Journalists are criticized today for any number of things. They’re biased and even evil. They invent stories and propagate fake news, an allegation, by the way, that’s as dangerous as it is wrongheaded and ridiculous. That’s not what good journalists do. Period.

Good journalists are vital purveyors of information and are indispensable in protecting the Constitution, our freedoms, and our way of life. It’s called the Fourth Estate for many reasons.

The fall of local newspapers, basically because they have failed to effectively monetize the internet, is particularly troubling. Weak reporting and ineffective oversight of government’s machinations allow local boards and their members to rule with impunity, and that’s a problem.

It’s also why laws governing open records and open meetings are so important, a conviction remembered each year through Sunshine Week, a nationwide celebration of access to public information and what that means for people and their communities.

Through public records, people — everyone, including journalists — can access myriad information — about, for example, contracts, salaries, campaign finances, emails, and real estate holdings. Without those records many stories won’t be told, and much corruption will never be exposed.

We use public records as a routine part of our reporting process, and they’ve played a large role in many of our stories. For instance, a review of flight records from the Beverly Perdue campaign submitted to the State Board of Elections helped Carolina Journal show several problems with the then-governor’s use of private aircraft. People associated with the campaign pleaded guilty to campaign finance violations. In another example, public records helped CJ show U.S. Sen. Kay Hagan’s husband received a federal stimulus grant to install solar panels on a building he owned. The installation was done by a company owned by Hagan’s son.
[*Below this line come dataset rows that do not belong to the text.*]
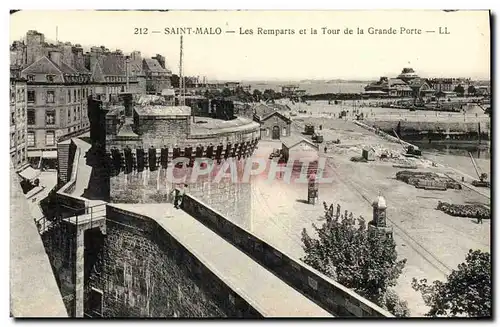 Ansichtskarte AK Saint Malo Les Remparts et la Tour de la Grande porte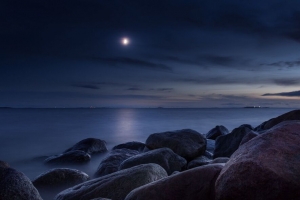 石头 海 夜 月亮 浅色 4k壁纸 3840x2160
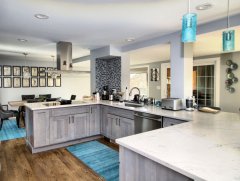 Longmont_kitchen_with_Waterfall_stain.jpg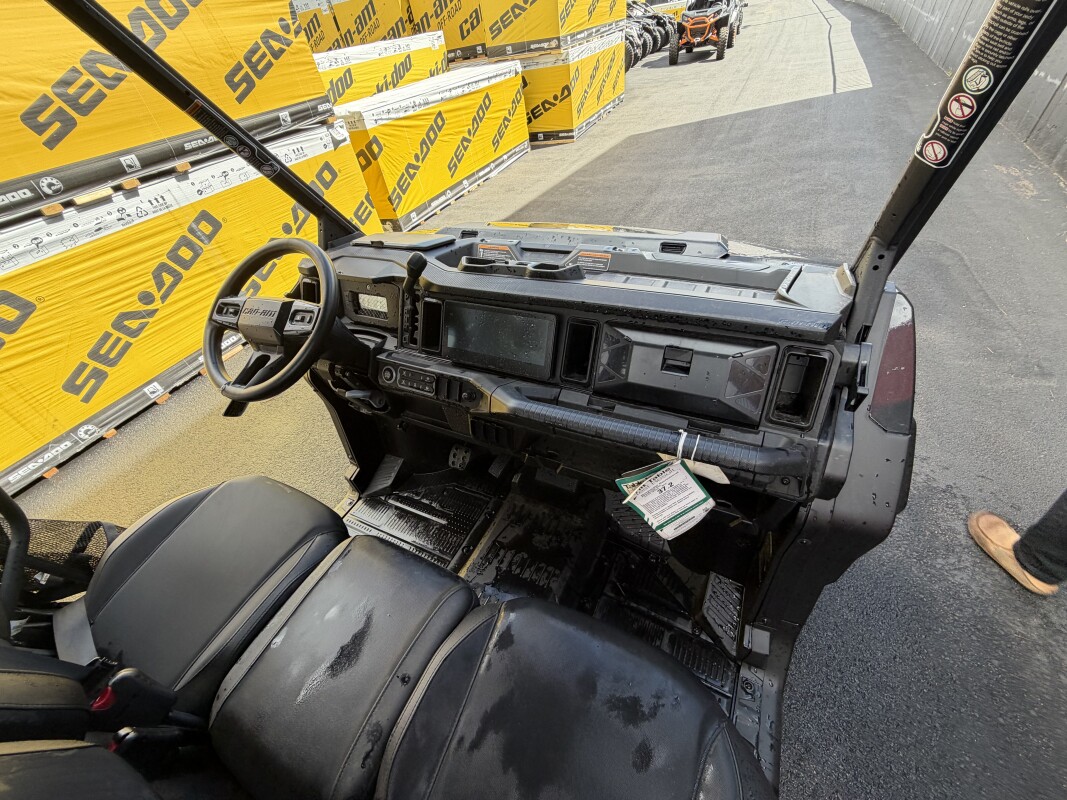 2026 Can-Am Defender XT HD11, photo 10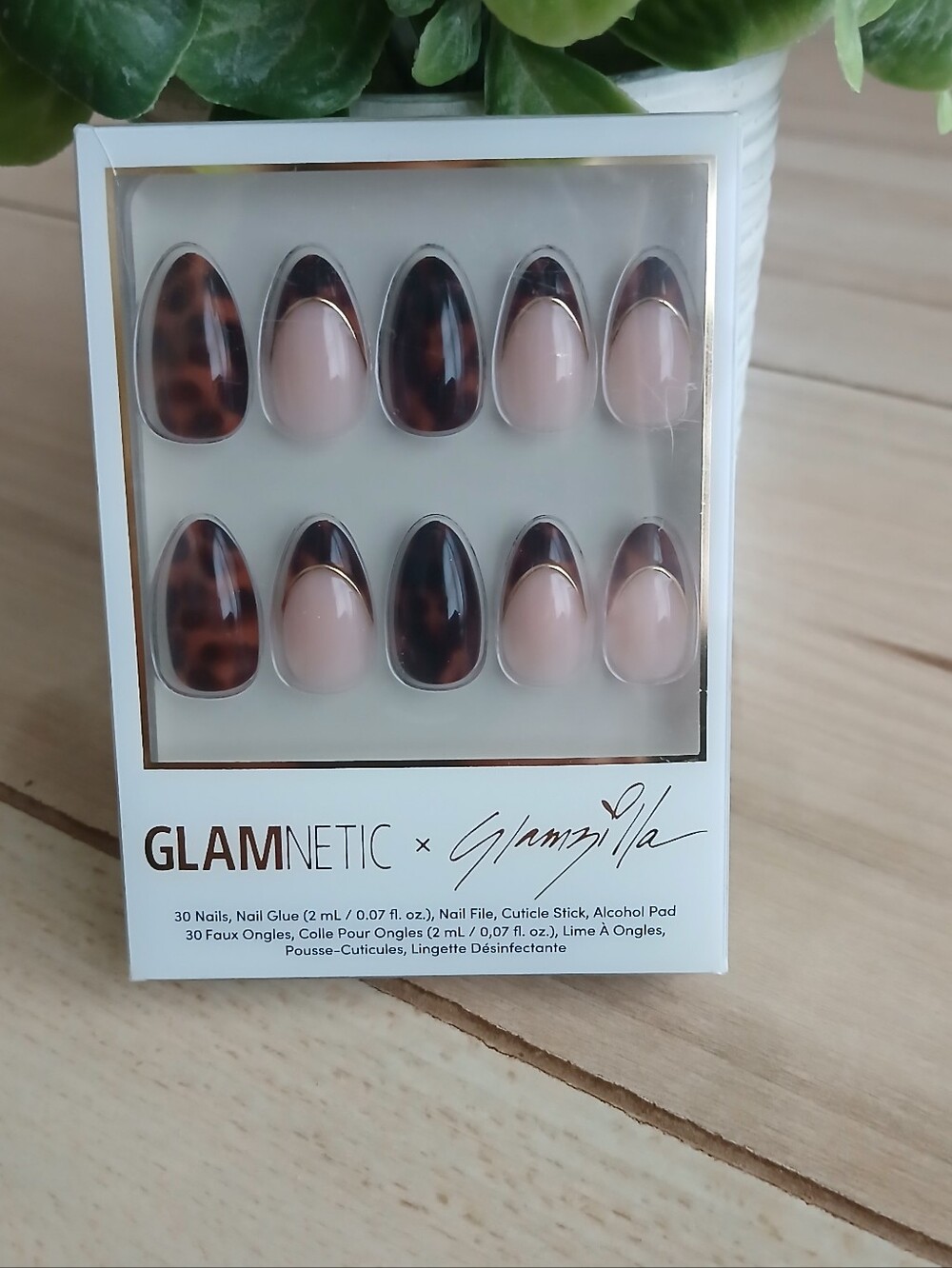 Glamnetic Tortoise Shell Press-On Nails Sealed These Never Go On Sale! - Picture 3 of 4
Some other high-profile examples:

  • A ferry service to transport about 40 schoolchildren from the Outer Banks to the mainland was shrouded in corruption. Although proponents of the ferry said schoolchildren needed it for transportation, documents suggested the service was also intended to transport resort workers and tourists. In May 2003, former N. C. Department of Transportation Ferry Division Director Jerry Gaskill did a study and submitted it to the General Assembly. The proposed route would have been about 12 miles across the shallow Currituck Sound from the Currituck community to the Corolla community. But Gaskill failed to address two previous unsuccessful attempts by Currituck County to obtain a dredging permit for the shallow Corolla location. State and federal environmental agencies had ruled the area was a sensitive marine habitat that needed to be protected. In May 2004, Ferry Division workers used workboats to “prop wash” a channel in an area designated an essential marine habitat. When news reports about the incident surfaced, Gaskill and other Ferry Division officials said the damage done to the sound was accidental, but an investigation showed otherwise. Charges were ultimately filed against Gaskill and other NCDOT employees. A 49-person, 50-foot pontoon boat ordered for the service was delivered in August 2004 but was never used.
  • In July 26, 2007, Dolly Parton’s brother Randy performed his first public show at the Roanoke Rapids theater that would bear his name. Parton had a contract to perform at the 35,000-square foot, 1,500-seat facility, as well as to manage it. The first shows were well-attended, but the number of empty seats grew steadily over the next few months. On Dec. 6, just as Parton was getting ready to take the stage, city officials determined he was under the influence of alcohol and sent him home. He never performed at the theater again. Parton invested none of his own money, the city borrowed $21 million, and state agencies added about $6 million to launch the project. Before the theater opened, CJ documented questionable feasibility studies, unrealistic economic impact forecasts, conflicts of interest, lack of transparency, reckless spending, a marketing campaign that was never funded, and Parton’s lack of management experience. CJ later reported poor attendance after the theater opened and provided an on-the-scene report the night city officials sent Parton home.
  • Public real estate records led to a story that indicated Gov. Mike Easley got a deal on a waterfront lot in Carteret County. State and federal prosecutors acknowledged to Carolina Journal that their decision to open a corruption investigation often stems from a news story suggesting improper behavior or criminality by public officials. Easley’s deal, in fact, was better than first reported.“The case [against former Gov. Mike Easley] began after credible allegations of misconduct were presented in the news media,” U.S. Attorney George Holding told CJ. “Without investigative journalists here in the capital, much misconduct would not have come to light.”Holding said the federal probe of Easley officially began in February 2009. Easley pleaded guilty to a charge involving an unreported campaign flight provided by the man who also arranged the real estate purchase. Easley became the first governor in North Carolina history convicted of a felony connected to his conduct in public office.

Public records are indeed just that — public and available to all. It’s up to all of us to remain vigilant in promoting transparency and accountability among government and public officials. Carolina Journal certainly will.